Ketamine, Bones, and Biology

In recent decades it has become increasingly well recognized that depression is as much a disease of the body as it is a disease of the mind. Years of research point to the fact that the mechanism by which depression manifests is largely biochemical in nature, and the effect of this disorder can be felt throughout the entire body, resulting in somatic symptoms including muscle aches, headaches, back pain, constant fatigue and loss of appetite. Recent research suggests that depression may result in yet another, perhaps surprising, physiological change: bone loss.

Repeated studies have found a statistically significant correlation between Major Depression and low bone mineral density. Low bone density, referred to as osteopenia or osteoporosis (in more extreme cases), is a serious condition that results when a patient’s cells do not make new bone as fast as old bone is destroyed. Most notably, patients with osteopenia and osteoporosis are at increased risk for bone fracture.

Depression and Bone Loss

While the correlation between depression and bone loss is still actively under investigation, research in mouse models suggests that this correlation is in fact causal.
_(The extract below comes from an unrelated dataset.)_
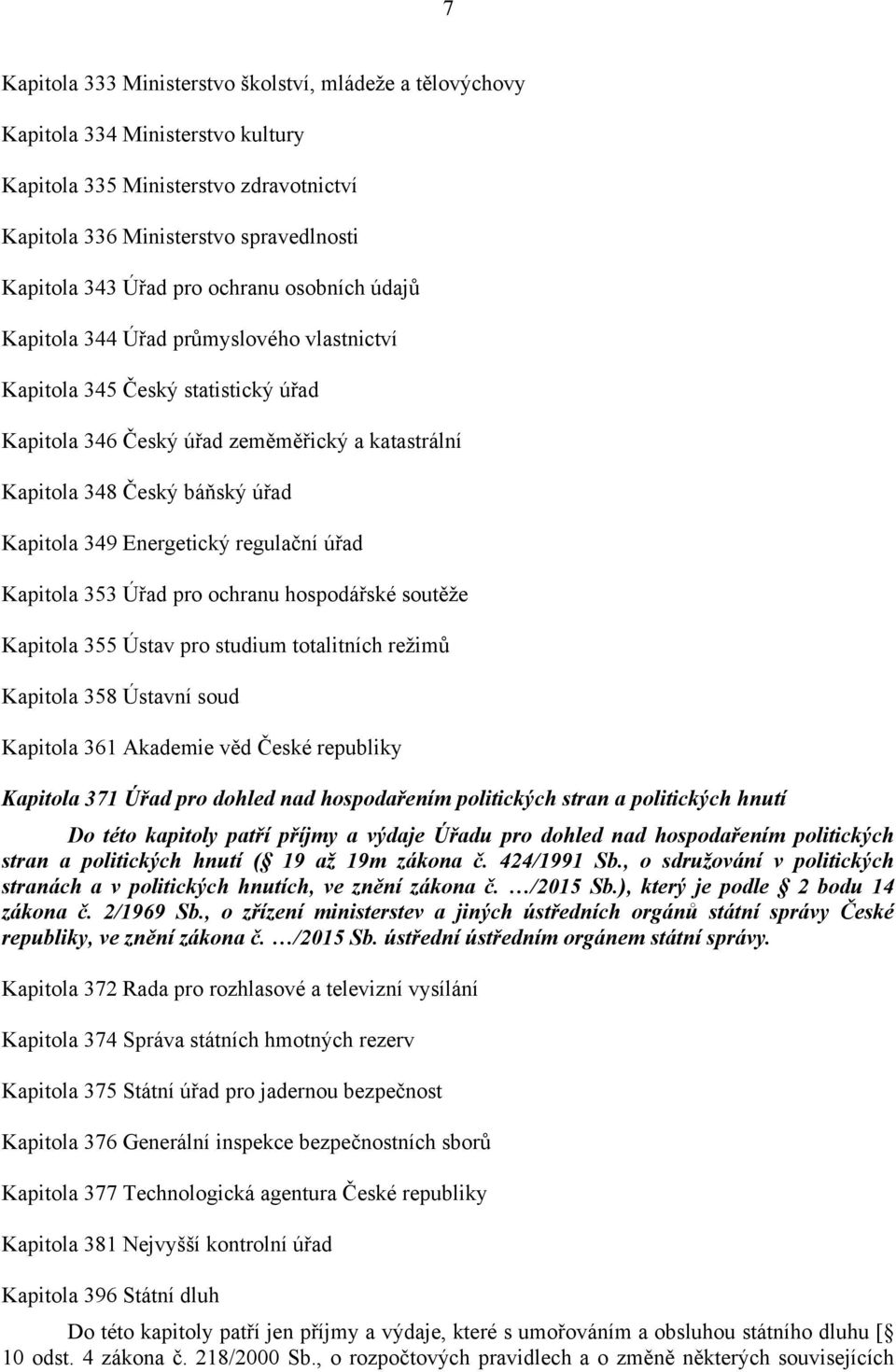 Energetický regulační úřad Kapitola 353 Úřad pro ochranu hospodářské soutěže Kapitola 355 Ústav pro studium totalitních režimů Kapitola 358 Ústavní soud Kapitola 361 Akademie věd České republiky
Researchers now believe that depression-induced bone loss is caused by increases in skeletal norepinephrine and serum corticosteroid levels—both of which are involved in the stimulation of the sympathetic nervous system.

Researchers investigating IV ketamine therapy are now turning their eyes towards this seemingly odd symptom of depression. Amazingly, they are discovering that ketamine may actually reverse depression-induced bone loss! Researchers at the National Institute of Mental Health studying this phenomenon began by looking at something called the OPG/RANKL ratio. OPG and RANKL are two important cellular factors important for maintaining bone density, and they can be used as an indicator of healthy bone growth and bone density.

These researchers found that, at baseline, depressed patients had significantly decreased OPG/RANKL ratios, indicating low bone density. However, they discovered that a treatment regimen of six ketamine infusions restored OPG/RANKL ratios to levels near that of a healthy individual. Additionally, this infusion regimen was found to lower OPG levels in the blood, another indicator of bone loss.

This study and its findings have major implications for the use of therapeutic ketamine. For one, it indicates that in addition to ketamine’s powerful effect on mood, the therapy may also be capable of ameliorating some of the serious physiological complications associated with depression. More generally, this research helps to further cement the biological basis of ketamine therapy for the treatment of depression.